Chinese Simplified Word Counter

Segment and count words in Simplified Chinese text (no spaces)

Count words in Simplified Chinese, which is written without spaces. Uses forward maximum matching against a built-in dictionary, the greedy strategy at the heart of Jieba segmentation, and shows the segmented words. Runs in your browser.

Why does Chinese need word segmentation?

Chinese is written without spaces between words, so software cannot simply split on whitespace. A single string of characters must be broken into words using a dictionary or statistical model, a step known as word segmentation, before words can be counted.

Because Simplified Chinese is written with no spaces between words, counting words means first deciding where one word ends and the next begins. This tool performs that segmentation in the browser and then counts the resulting words, showing you exactly how the text was split.

How it works

The counter uses forward maximum matching, the greedy approach at the core of dictionary-based segmenters such as Jieba. Starting from each position in the text, it searches for the longest character sequence that appears in its built-in dictionary and takes that as a single word. If no multi-character word matches, it falls back to counting the lone character as a word.

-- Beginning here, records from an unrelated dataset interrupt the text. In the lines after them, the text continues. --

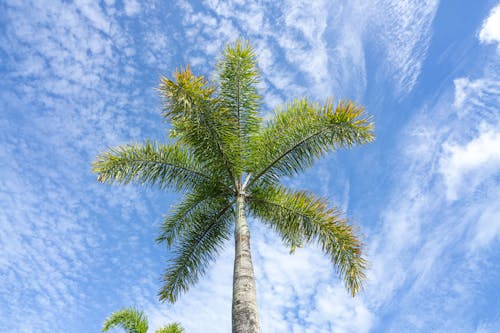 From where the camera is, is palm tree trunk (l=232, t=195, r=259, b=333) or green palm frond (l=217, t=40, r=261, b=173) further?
green palm frond (l=217, t=40, r=261, b=173)

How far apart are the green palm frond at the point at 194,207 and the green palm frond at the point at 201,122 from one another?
635 millimetres

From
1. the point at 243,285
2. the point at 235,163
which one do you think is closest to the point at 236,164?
the point at 235,163

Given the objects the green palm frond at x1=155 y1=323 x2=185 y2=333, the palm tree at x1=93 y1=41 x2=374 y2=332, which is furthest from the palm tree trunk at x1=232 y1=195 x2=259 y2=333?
the green palm frond at x1=155 y1=323 x2=185 y2=333

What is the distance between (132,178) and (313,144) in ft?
17.5

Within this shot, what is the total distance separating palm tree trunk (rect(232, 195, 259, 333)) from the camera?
7.74 meters

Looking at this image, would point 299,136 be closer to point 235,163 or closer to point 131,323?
point 235,163

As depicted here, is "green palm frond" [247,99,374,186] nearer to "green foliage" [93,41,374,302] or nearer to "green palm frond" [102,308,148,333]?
"green foliage" [93,41,374,302]

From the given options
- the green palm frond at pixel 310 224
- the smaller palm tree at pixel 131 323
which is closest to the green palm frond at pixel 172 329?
the smaller palm tree at pixel 131 323

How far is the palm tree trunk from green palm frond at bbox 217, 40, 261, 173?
6.17ft

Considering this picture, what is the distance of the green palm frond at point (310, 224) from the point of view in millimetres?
9797

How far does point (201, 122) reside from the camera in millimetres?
10125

Runs of Latin letters or digits are grouped into one token each, and standalone punctuation is skipped. The result is a list of word segments and their total count.

Example and notes

A sentence like a common everyday phrase will segment into recognisable multi-character words plus any single characters that the dictionary does not cover. Inspect the highlighted chips to see how ambiguous sequences were split; greedy matching occasionally prefers a longer word where a human might choose two shorter ones. The dictionary is bundled, so segmentation works offline and your text never leaves the browser.